### Work to complete
Everything from the line that holds "I'm here to take" through the end of the listing below must be retyped word for word, without any pictures.

### Given data
▬▬▬▬▬▬
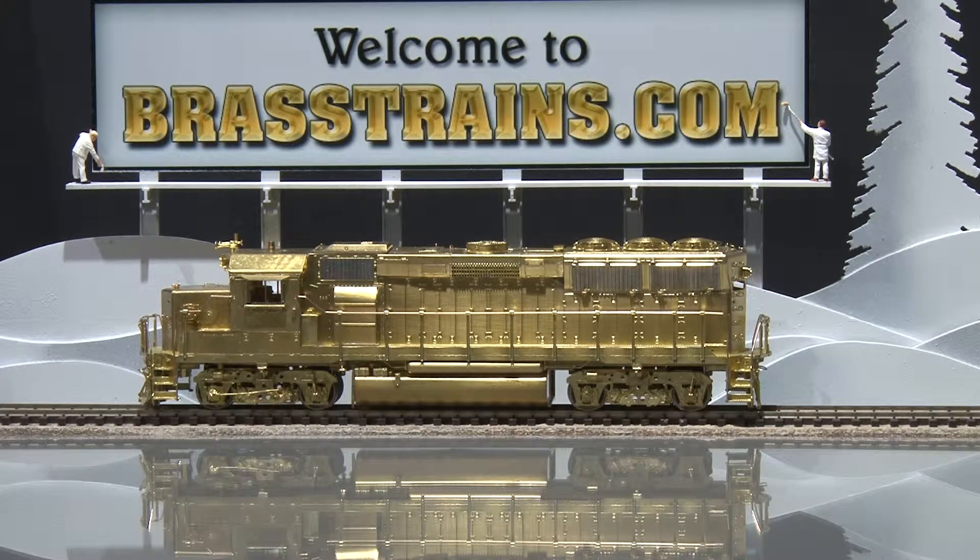Item 061854 from Brasstrains.com is a Union Pacific EMD SD60M diesel engine, wide nose. This model is unpainted, there are no operating lights, and it has in-cab detail, and we'll give you a demonstration of how it runs.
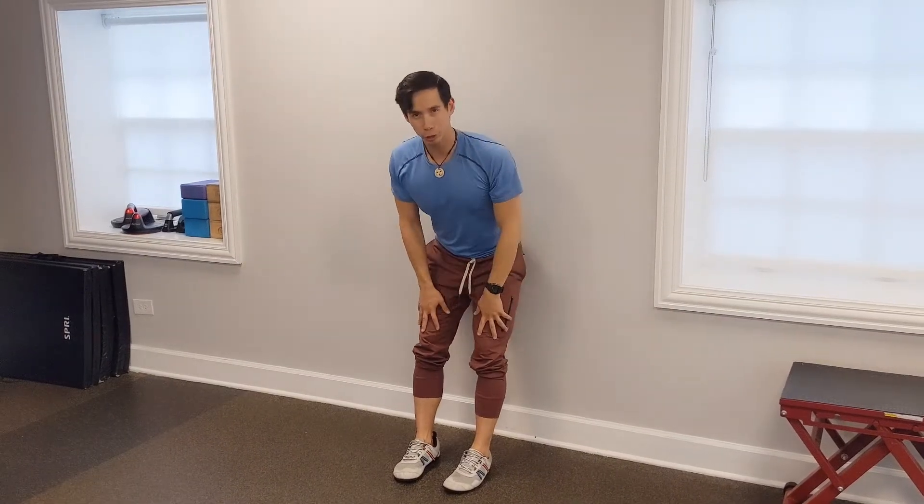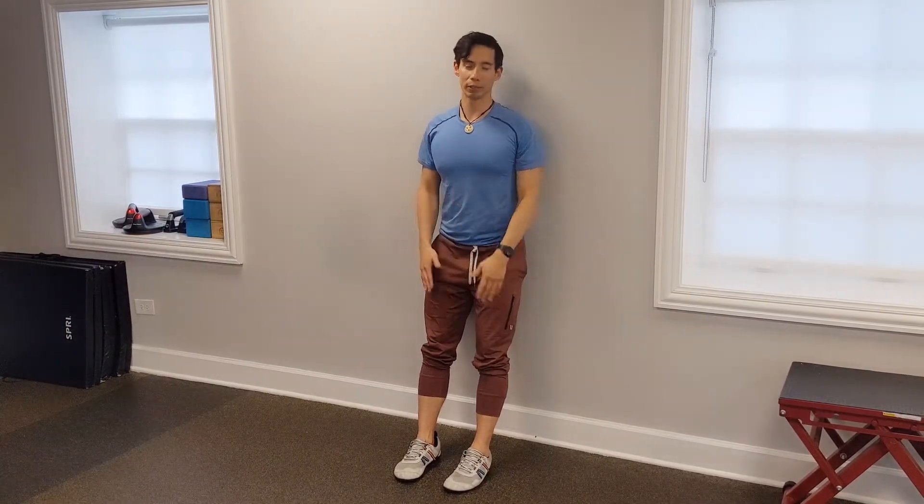Hello everybody, bringing to you today a new twist to an old favorite. Now a lot of people know about the wall squat — it's a nice exercise to strengthen the legs, but it can get pretty easy for people that are past beginner level.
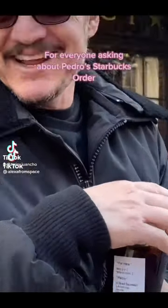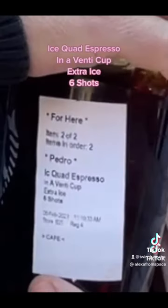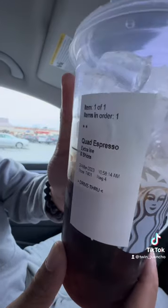For everyone asking about Pedro's Starbucks order: iced quad espresso in a venti cup, extra ice, six shots. We got it — the quad espresso extra ice, six shots. Is that right?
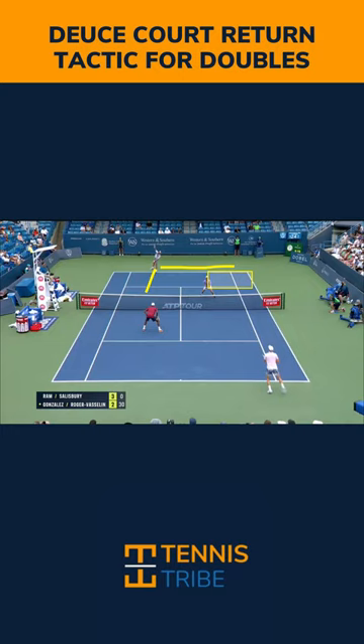So next time you're playing against someone who's really aggressive at the net and you're having trouble getting that return cross court, try a lob down the line.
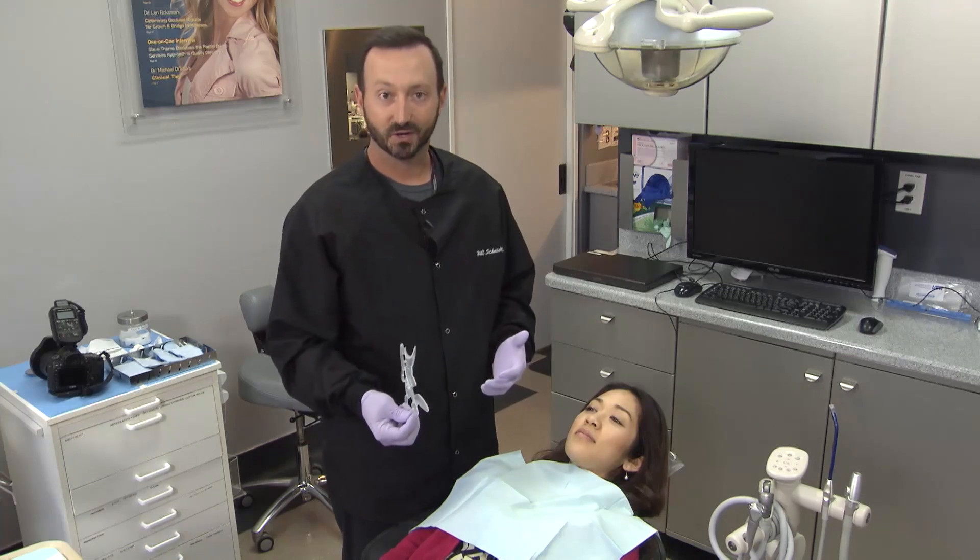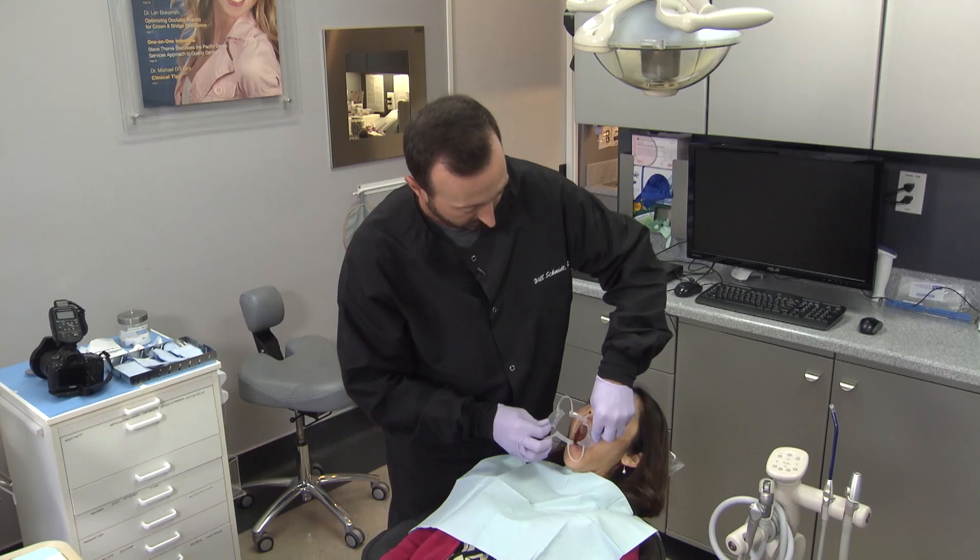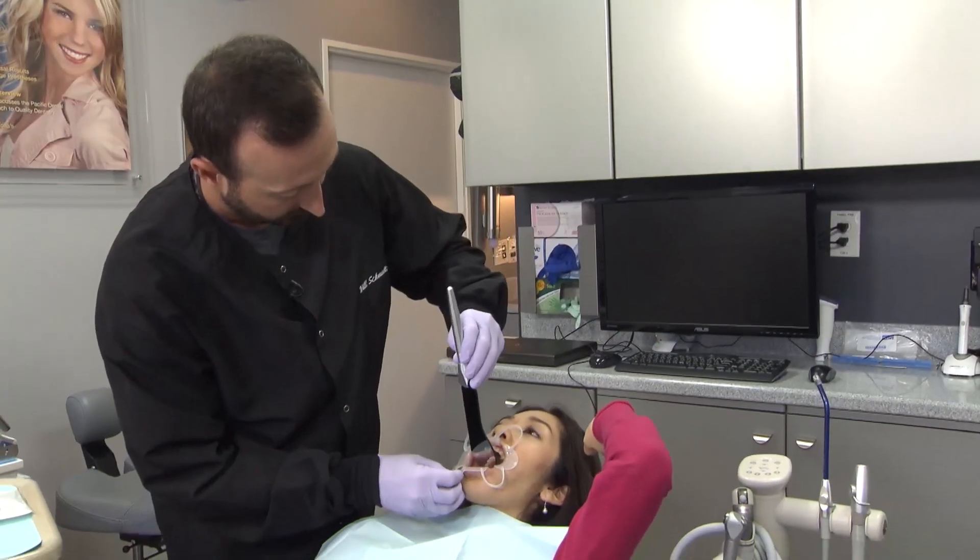I'll go ahead and start off with a plastic retractor just to get the lips out of the way. I'll take this first series of photos with this plastic retractor in place and show some examples of the OptraGate device afterwards.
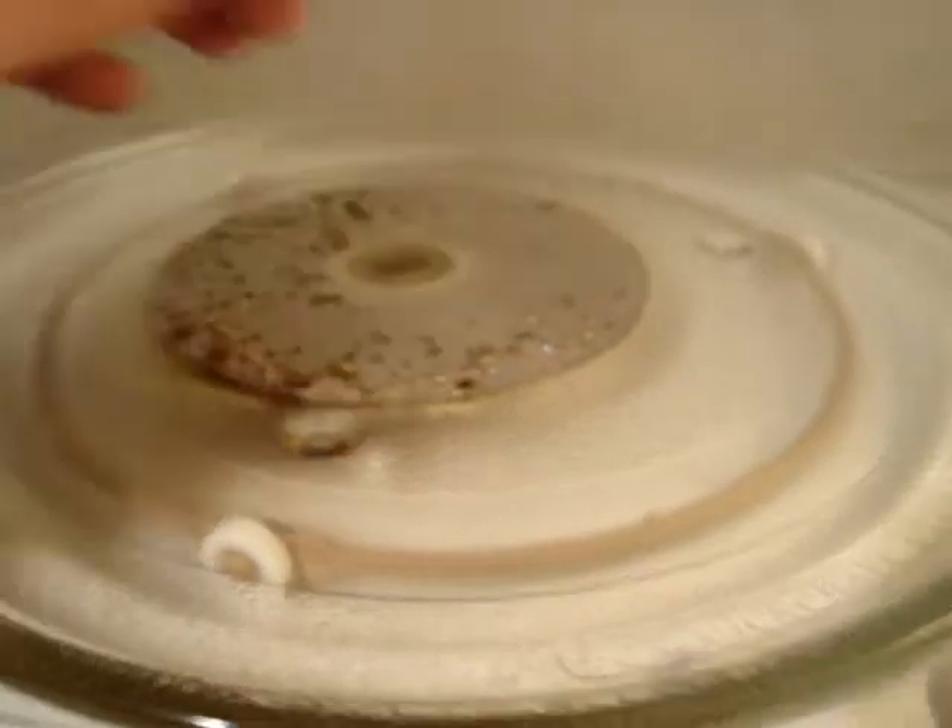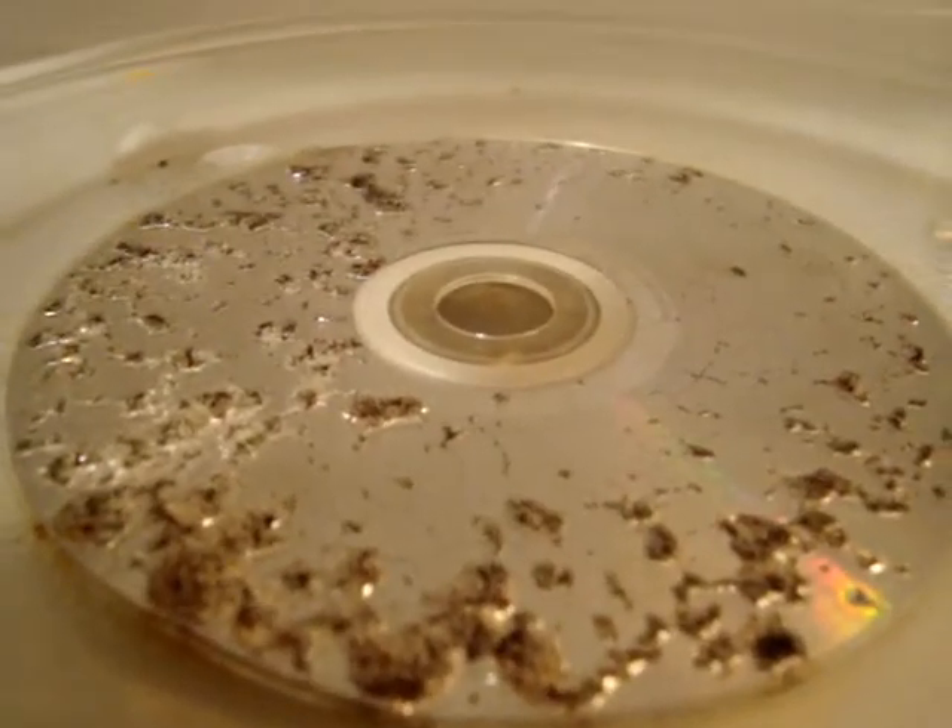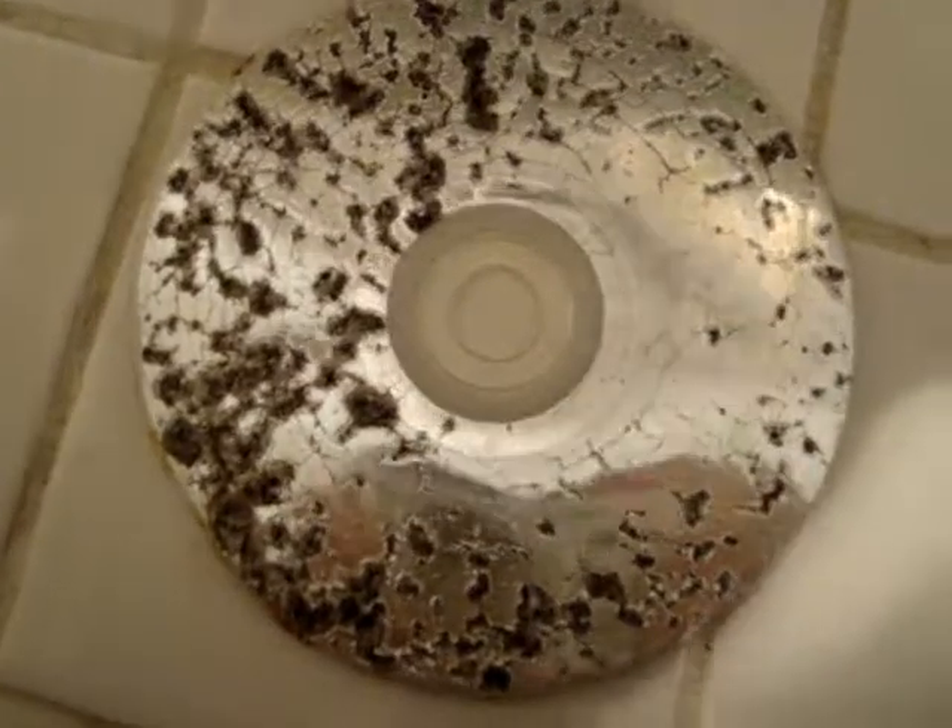And there you have it. One cool CD. And there's the aftermath of your CD.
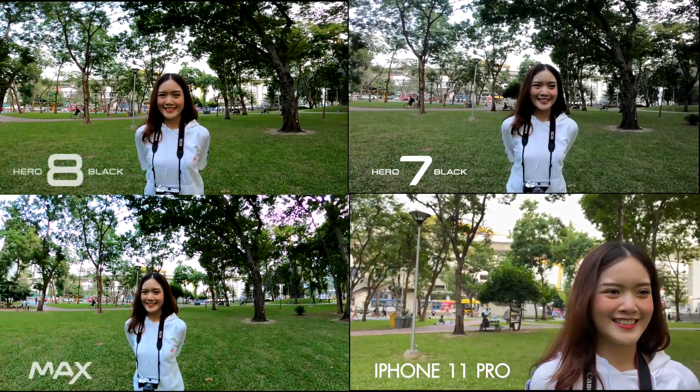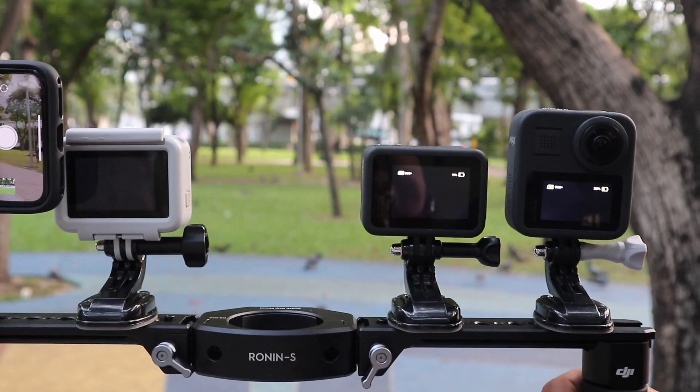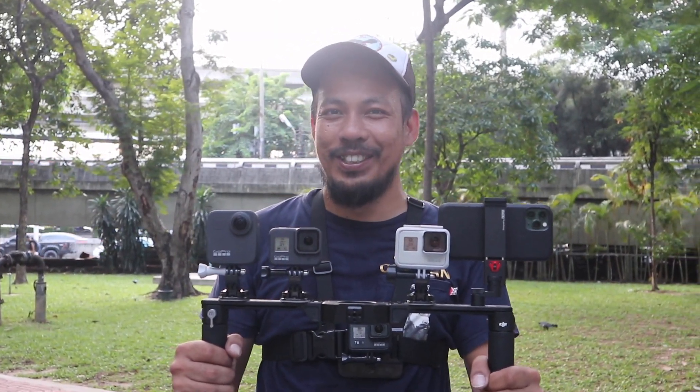I'm here to take a photo. I'm here to see the 3-2 of the car. I'm here to see the 3rd.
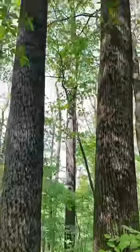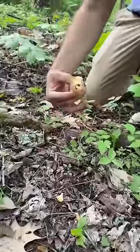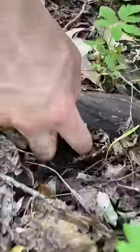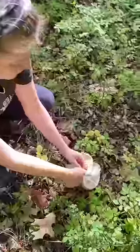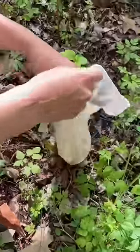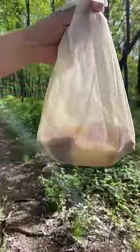In the case of morels, the fungus lives in association with tree roots, and every spring when the soil reaches about 50 degrees Fahrenheit, they begin to produce fruit — aka mushrooms. Picking a mushroom doesn't harm the fungus any more than picking an apple harms an apple tree. And if you carry your morels in a breathable container, you'll even help them spread their spores while you hike around the forest.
▬▬▬▬▬▬
### Task response
I'm here to take a photo. I'm here to see the 3-2 of the car. I'm here to see the 3rd.
In the case of morels, the fungus lives in association with tree roots, and every spring when the soil reaches about 50 degrees Fahrenheit, they begin to produce fruit — aka mushrooms. Picking a mushroom doesn't harm the fungus any more than picking an apple harms an apple tree. And if you carry your morels in a breathable container, you'll even help them spread their spores while you hike around the forest.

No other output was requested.